While studying QM, I heard it said that “hermitian operators  generate unitary operators”. Operators, by the way, mean linear operators on a complex Hilbert Space, which we’ll just take to mean complex-valued matrices for now. If we have a unitary operator that is very slightly different from I, we can write it as I + i\lambda U, where U is some operator, and \lambda\in R is so small that \lambda^2 = 0. Unitarity gives us

(I+i\lambda U)^t = (I+i\lambda U)^{-1}

I - i\lambda U^t = I - i\lambda U

U^t = U

So infinitesimal unitary operators differ from the identity by a hermitian operator times some constants. That’s the sense in which hermitian operators generate unitary operators.

In other words, the Lie Group of unitary operators is generated by the Lie Algebra of hermitian operators. That’s a pretty good reason to think of hermitian matrices as interacting additively, and unitary matrices as interacting multiplicatively.

Exercise 1: Check that the sum of hermitian matrices is hermitian, but not necessarily the product. Check that the product of unitary matrices is unitary, but not necessarily the sum.

Exercise 2: Figure out what the Lie Algebra for the Lie Group of invertible matrices should be.

Exercise 3: Prove that for a matrix A, we have det(\exp(A)) = e^{Tr(A)}

It turns out that Lie Algebras and Lie Groups are related by an exponential map. There are a few signs pointing in this direction. The domain of an exponential map is additive, while the range is multiplicative, just like a Lie Algebra is additive, while a Lie Group is multiplicative.

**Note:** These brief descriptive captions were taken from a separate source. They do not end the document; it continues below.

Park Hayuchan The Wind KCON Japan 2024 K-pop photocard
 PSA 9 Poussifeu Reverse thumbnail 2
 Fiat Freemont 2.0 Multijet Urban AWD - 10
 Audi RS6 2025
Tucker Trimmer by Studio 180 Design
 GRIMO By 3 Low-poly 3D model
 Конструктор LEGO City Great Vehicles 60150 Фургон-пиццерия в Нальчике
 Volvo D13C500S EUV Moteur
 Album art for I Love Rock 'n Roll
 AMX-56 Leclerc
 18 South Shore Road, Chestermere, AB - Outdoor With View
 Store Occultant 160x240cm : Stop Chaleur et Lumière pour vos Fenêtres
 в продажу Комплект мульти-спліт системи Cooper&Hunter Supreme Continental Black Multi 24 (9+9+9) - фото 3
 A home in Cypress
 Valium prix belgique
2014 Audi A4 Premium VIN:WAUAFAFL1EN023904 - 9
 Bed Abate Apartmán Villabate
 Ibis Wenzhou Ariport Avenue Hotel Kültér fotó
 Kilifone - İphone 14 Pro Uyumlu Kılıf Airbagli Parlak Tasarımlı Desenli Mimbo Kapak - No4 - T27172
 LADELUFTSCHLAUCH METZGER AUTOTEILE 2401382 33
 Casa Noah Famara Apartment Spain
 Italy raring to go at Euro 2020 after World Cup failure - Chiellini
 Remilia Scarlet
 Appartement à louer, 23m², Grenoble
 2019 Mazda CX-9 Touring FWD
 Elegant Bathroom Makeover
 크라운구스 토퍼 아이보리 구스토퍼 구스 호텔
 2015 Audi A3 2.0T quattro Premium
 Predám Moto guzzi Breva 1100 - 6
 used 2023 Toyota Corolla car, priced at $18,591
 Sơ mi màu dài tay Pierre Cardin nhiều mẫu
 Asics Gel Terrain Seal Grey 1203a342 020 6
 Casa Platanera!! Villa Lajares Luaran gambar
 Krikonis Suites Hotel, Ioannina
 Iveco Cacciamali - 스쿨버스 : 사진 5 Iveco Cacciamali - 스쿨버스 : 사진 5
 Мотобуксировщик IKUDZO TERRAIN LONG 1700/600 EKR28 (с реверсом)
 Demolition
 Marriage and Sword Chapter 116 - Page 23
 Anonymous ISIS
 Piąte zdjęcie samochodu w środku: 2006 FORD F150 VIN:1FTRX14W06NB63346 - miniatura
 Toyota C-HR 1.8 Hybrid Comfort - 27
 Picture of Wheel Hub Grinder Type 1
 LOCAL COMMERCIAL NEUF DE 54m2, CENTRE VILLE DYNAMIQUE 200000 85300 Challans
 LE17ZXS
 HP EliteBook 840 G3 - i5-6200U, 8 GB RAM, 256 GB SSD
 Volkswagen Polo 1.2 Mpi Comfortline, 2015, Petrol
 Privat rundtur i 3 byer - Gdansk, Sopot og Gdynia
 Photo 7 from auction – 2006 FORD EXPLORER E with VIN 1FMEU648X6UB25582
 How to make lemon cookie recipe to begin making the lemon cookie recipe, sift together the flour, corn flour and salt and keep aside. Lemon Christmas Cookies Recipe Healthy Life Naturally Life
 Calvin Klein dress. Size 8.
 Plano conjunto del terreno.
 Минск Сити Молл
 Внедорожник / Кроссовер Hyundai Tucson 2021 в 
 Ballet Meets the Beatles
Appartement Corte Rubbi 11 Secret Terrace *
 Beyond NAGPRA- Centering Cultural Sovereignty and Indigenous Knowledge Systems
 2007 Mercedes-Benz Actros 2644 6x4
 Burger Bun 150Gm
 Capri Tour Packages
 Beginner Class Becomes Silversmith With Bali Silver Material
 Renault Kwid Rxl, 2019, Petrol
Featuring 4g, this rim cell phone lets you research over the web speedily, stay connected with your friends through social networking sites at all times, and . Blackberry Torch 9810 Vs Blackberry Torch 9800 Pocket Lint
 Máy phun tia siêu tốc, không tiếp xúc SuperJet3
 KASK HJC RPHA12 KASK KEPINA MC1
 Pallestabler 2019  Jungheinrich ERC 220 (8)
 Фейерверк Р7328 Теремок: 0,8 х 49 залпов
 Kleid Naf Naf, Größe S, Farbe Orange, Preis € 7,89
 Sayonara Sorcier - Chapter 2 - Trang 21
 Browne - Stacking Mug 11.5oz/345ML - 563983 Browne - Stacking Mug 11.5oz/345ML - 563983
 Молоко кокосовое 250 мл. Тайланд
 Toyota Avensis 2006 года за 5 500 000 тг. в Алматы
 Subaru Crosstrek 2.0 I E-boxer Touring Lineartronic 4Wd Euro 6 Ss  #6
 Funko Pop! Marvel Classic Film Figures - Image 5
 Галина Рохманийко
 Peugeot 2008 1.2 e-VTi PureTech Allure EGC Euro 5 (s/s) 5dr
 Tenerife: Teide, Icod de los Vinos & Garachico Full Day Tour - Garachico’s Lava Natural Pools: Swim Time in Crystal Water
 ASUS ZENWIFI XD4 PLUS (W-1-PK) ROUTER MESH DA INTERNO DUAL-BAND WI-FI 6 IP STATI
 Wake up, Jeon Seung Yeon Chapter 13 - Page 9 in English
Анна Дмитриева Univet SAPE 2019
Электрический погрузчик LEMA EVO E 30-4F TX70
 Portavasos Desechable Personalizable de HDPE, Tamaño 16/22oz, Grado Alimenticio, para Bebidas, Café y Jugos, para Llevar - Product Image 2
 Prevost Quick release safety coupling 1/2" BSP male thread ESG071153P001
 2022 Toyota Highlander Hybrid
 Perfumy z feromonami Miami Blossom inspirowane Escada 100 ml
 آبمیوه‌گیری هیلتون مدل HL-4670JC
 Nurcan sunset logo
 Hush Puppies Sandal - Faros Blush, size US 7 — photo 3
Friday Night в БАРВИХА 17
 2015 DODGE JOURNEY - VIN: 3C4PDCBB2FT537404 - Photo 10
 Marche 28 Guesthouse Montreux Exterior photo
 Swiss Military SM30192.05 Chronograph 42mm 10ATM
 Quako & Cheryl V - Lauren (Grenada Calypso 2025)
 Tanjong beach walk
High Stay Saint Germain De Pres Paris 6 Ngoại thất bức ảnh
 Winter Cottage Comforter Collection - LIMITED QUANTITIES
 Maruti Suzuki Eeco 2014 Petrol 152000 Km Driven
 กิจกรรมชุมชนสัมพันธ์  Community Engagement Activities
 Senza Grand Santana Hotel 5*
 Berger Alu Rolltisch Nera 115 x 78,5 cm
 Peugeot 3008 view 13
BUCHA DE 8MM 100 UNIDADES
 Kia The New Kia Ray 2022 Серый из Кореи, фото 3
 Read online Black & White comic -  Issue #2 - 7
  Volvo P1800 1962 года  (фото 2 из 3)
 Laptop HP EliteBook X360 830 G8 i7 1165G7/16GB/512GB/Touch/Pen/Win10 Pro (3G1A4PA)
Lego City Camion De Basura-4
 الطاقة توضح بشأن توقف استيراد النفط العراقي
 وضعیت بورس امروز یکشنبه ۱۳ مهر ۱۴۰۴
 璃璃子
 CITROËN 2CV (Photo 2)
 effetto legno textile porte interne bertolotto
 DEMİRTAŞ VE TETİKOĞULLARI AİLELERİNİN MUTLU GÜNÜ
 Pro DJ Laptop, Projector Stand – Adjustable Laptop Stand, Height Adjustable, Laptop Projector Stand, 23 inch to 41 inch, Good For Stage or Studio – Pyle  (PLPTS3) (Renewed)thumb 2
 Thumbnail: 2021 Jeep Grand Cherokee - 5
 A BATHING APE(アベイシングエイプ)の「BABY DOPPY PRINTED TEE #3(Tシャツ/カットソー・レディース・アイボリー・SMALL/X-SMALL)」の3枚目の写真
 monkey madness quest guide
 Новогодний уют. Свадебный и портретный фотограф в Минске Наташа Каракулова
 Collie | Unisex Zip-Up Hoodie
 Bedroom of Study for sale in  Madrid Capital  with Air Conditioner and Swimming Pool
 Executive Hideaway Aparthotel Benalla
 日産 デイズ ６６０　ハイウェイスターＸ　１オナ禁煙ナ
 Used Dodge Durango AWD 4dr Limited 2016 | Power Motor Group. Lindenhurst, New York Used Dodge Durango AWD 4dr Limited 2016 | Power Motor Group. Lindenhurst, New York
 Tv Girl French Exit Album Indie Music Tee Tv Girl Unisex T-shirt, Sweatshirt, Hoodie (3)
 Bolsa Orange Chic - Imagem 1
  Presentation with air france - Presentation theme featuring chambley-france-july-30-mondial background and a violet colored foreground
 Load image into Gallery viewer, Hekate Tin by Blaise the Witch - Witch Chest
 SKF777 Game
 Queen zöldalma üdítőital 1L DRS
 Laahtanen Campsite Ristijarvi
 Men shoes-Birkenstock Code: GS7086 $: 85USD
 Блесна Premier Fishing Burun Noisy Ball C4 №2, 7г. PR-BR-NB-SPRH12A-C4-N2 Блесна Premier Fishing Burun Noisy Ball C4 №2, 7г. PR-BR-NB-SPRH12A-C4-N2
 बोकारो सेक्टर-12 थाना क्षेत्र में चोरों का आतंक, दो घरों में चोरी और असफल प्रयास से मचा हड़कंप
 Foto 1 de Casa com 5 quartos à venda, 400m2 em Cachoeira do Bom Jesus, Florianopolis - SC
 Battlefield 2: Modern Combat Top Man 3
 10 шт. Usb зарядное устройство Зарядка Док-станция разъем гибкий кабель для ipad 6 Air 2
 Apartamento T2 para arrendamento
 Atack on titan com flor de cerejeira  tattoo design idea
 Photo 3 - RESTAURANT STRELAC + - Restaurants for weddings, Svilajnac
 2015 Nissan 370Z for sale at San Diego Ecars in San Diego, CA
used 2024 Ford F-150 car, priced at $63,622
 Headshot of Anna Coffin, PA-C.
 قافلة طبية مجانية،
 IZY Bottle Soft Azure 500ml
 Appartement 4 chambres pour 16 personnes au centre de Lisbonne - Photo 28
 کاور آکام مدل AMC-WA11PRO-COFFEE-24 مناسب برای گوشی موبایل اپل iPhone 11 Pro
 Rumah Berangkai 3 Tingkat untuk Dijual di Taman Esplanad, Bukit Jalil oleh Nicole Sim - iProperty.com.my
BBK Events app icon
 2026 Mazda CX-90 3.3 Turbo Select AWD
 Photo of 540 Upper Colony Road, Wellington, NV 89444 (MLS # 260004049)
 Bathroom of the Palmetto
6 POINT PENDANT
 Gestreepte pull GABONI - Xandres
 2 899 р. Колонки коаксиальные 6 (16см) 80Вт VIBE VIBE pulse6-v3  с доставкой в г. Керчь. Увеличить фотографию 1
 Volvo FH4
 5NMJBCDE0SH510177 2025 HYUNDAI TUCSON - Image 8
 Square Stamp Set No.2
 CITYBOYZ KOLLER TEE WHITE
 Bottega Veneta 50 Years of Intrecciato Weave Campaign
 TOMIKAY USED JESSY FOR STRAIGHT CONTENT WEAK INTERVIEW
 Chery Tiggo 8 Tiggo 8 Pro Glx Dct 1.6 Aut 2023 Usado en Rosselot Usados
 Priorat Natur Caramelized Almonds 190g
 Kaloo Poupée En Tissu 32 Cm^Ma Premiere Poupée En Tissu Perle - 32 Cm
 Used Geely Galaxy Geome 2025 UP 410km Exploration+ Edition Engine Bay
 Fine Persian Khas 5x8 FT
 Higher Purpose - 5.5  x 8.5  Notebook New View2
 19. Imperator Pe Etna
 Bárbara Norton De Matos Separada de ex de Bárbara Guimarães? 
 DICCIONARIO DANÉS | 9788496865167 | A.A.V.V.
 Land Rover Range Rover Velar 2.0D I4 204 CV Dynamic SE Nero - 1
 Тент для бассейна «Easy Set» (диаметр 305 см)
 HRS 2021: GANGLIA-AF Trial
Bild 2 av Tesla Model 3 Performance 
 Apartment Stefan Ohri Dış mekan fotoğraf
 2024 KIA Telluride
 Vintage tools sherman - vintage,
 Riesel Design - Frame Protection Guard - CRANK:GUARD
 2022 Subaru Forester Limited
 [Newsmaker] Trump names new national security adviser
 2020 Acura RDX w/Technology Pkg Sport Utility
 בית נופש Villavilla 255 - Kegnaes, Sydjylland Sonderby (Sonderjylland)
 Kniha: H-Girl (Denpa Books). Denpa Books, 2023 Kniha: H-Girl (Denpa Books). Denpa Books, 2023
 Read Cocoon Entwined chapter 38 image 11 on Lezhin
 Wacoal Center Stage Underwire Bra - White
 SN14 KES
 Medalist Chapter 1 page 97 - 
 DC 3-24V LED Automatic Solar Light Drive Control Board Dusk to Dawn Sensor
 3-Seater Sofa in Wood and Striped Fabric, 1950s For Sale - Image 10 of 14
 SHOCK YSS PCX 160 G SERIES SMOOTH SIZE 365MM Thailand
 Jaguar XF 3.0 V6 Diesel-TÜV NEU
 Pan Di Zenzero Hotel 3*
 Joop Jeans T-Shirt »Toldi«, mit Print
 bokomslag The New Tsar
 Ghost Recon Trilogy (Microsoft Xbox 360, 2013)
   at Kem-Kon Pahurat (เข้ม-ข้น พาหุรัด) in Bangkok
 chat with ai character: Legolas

From exercise 3, if \exp(A) has determinant 1, then Tr(A) = 0. This corresponds to the fact that the unitary matrices, a Lie Group of determinant 1, has a traceless Lie Algebra.

Exercise 4: Prove that if A and B are matrices, then Tr([A, B]) = 0


Riemannian Geometry: Coordinate Invariant Differentiation

If you need a refresher on any differential geometry definitions, see here.

Connections are a kind of differentiation operator that were introduced to give a coordinate-invariant definition of acceleration. In particular, connections give us a way to make the “zero acceleration” definition of geodesics coordinate-free. To see why this might be necessary, notice that in polar coordinates, the line r=2 is a geodesic. But in R^2, a circle with radius 2 is clearly not a geodesic. The naive definitions of geodesics (length minimizing curves, or curves with zero acceleration) become inconsistent if you have to deal with different coordinate systems.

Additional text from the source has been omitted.